Approaching the Full Configuration Interaction Ground State from an Arbitrary Wavefunction with Gradient Descent and Quasi-Newton Algorithms

TL;DR

This paper introduces gradient descent and quasi-Newton algorithms to efficiently approximate the FCI ground state energy from arbitrary initial states, enabling larger system calculations without storing intermediate wavefunctions.

Contribution

It presents a novel optimization approach that evaluates energies via expectation values, allowing larger system analysis compared to traditional FCI methods.

Findings

Efficient energy evaluation along optimization paths.

Ability to handle larger systems than standard FCI.

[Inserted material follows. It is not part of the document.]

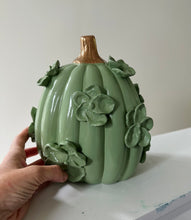 Load image into Gallery viewer, Sap Green with gold stem- Ceramic pumpkin - click to see size options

Application with non-orthogonal determinant reference states.

Abstract

We consider gradient descent and quasi-Newton algorithms to optimize the full configuration interaction (FCI) ground state wavefunction starting from an arbitrary reference state $|0 \rangle$. We show that the energies obtained along the optimization path can be evaluated in terms of expectation values of $|0 \rangle$, thus avoiding explicit storage of intermediate wavefunctions. This allows us to find the energies after the first few steps of the FCI algorithm for systems much larger than what standard, deterministic FCI codes can handle at present. We show an application of the algorithm with reference wavefunctions constructed as linear combinations of non-orthogonal determinants.